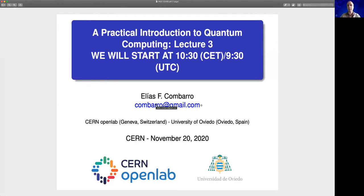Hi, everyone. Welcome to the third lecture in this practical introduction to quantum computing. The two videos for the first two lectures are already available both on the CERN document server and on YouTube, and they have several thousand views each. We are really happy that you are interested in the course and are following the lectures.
==
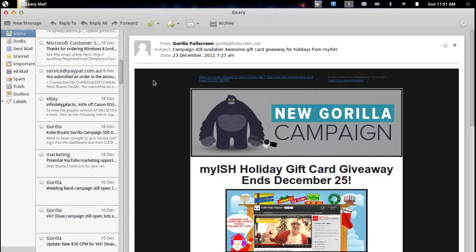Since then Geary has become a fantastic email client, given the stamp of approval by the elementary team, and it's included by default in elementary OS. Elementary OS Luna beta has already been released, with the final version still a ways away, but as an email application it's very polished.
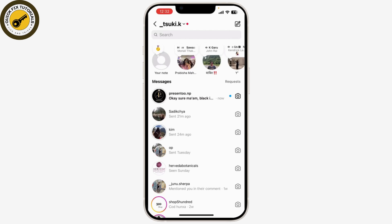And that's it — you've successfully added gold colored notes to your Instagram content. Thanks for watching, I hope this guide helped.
--
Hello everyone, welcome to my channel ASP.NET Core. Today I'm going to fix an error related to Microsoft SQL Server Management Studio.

## ABOUT THIS TASK
In the entries above, find the line containing "Since then Geary" and the line containing "And that's it"; give again exactly those two lines and every line between them, minus the pictures.

## OUTPUT OF THE TASK
Since then Geary has become a fantastic email client, given the stamp of approval by the elementary team, and it's included by default in elementary OS. Elementary OS Luna beta has already been released, with the final version still a ways away, but as an email application it's very polished.
And that's it — you've successfully added gold colored notes to your Instagram content. Thanks for watching, I hope this guide helped.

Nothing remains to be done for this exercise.